Canada's Oldest Auto Plant Runs Out of Vehicles

Steph Willems
by Steph Willems

Canada had just turned 40 and Teddy Roosevelt was running a zoo out of the White House when the first automobiles rolled out of Oshawa, Ontario.

Starting in 1907, Oshawa built vehicles of the McLaughlin Motor Car Company, with the cars carrying Buick drivetrains shipped in from Flint, Michigan. An early alliance! Thank the close friendship between Sam McLaughlin and William Durant for that partnership. The Chevrolet brand set up shop at the lakeside assembly plant not long thereafter, and in 1918 General Motors of Canada Limited was formed from McLaughlin and Chevrolet Canada.

Fast-forward 101 years, and the last GM vehicle has left the factory. Workers put the finishing touches on the final vehicle today.

As a way to keep the plant humming through the end of its soon-to-expire labor contract, GM Canada shipped unfinished previous-generation Chevrolet Silverado and GMC Sierra from Fort Wayne, Indiana to Oshawa for final assembly. Well, nothing lasts forever, and the same can be said of those full-size pickups.

The Canadian Press (via Global News) reports that Wednesday saw assembly of the final pickup, paving the way for 2,600 job losses at the country’s oldest auto plant. The plant’s previous products, the Cadillac XTS and Chevrolet Impala, ceased production earlier this fall.

“This has been coming in slow motion, and suddenly it’s here,” Joel Smith, a union organizer with Unifor Local 222, told CP.

“It’s not lost on anybody that this is the birthplace of General Motors. This is where it started, and that they just walked away from this, from vehicle production after over a 100 years. It’s hard to stomach.”

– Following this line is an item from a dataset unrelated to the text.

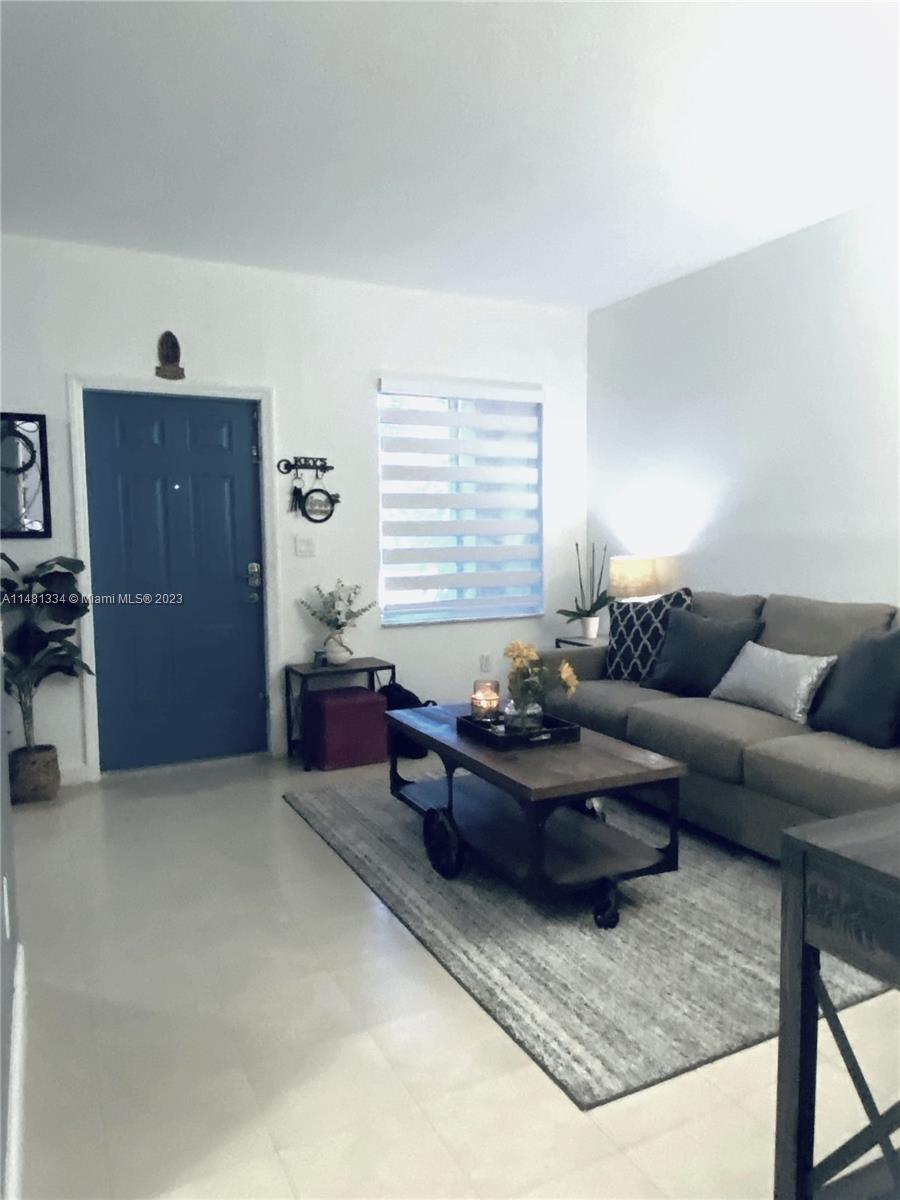SILVER PALM HOMES - Residential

The current facility rose on the site in 1953, cranking out a vast range of products over the following 66 years. Among those early products, the Pontiac Strato Chief and Chevrolet Biscayne. The first signs of trouble came during the recession, when the car assembly plant’s adjacent truck facility closed its doors. Worries rose during the economic recovery, with the Chevrolet Camaro bowing out of Oshawa in 2015 and the Chevrolet Equinox disappearing in 2017.

Then came word that GM would close five North American plants; four in the U.S., one in Canada. While Detroit-Hamtramck was spared CEO Mary Barra’s cust-cutting wrath in the latest UAW-GM labor contract, Oshawa Assembly did not magically spring new models. Some 300 jobs will be retained at the site as the plant transforms into a stamping facility for GM body panels and an autonomous vehicle test facility. (A 55-acre test track, funded with $170 million in GM cash, broke ground not long ago.)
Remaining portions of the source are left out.